I just rinse and repeat and keep doing that and clicking where I want the story to go, where the next thread to go and so forth. So I'm going to go back and undo this twice, Command+Z, Command+Z, until I go back to just having the Loaded Cursor again. Now if I hold down the Option key or the Alt key on Windows, notice how the cursor changes slightly. So here's just the regular Place cursor. If I hold down Option or Alt, I get a special icon, this is the Semi- Autoflow command or the Semi-Autoflow cursor. So again I'm going to line it up with the upper left-hand corner, holding down the Option or Alt key and clicking.
What that does is it saves me two more clicks, instead of stopping and switching to the Selection tool, and then having to go back and click on the overset text symbol to reload the cursor with the rest of story, it does both those clicks for me. So Option+Click or Alt+Click with a loaded cursor places the story into the frame or column that I clicked into, automatically reloads the cursor, and keeps the Place cursor available for me, so I can just keep clicking where I want. So that's pretty cool. So I'm going to undo that twice to go back to where we started.
If I hold down the Shift key, you'll see that I get another cursor, and this is the Autoflow cursor, because the difference with Semi-Autoflow versus Autoflow. Let's go ahead and do that again. I will do Autoflow with Option or Alt and just keep clicking. But here is the problem. I've only got a one-page document, and the Place cursor reloaded, so there's obviously more text to be placed, but I need to go in there and create more pages now. So we'll undo this a couple times, Command+Z, Command+Z, Ctrl+Z, Ctrl+Z.This time I'm going to hold down the Shift key, and you can probably guess what this is going to do, Shift+Click with a loaded text cursor is going to flow the text into all the columns on the page automatically for me and if there is more text beyond the last page, it actually creates new pages for you and continues to insert the text into columns on that page until it gets to the end.

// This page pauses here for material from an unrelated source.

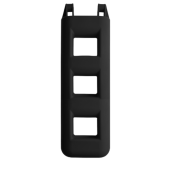 Allpa Ladder Fender 25x12x55cm, Black, 3-Steps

So here I get to the last page, page 3, and I click on the last text frame and there's no overset text symbol. You can use just regular Place. You can use Autoflow Place or you can use Semi-Autoflow Place, just by holding down the modifier keys and just getting different behavior depending on what it is that you're trying to accomplish. If you're just doing one long continuous flowing story, Autoflow works out great. But if you're doing more like on a magazine layout or a newspaper layout, where you've got multiple stories on the same page, Autoflow may not just work the way you would want it to, to accomplish what you're trying to do with that particular complex layout.
So Semi-Autoflow might work better for you in that particular situation.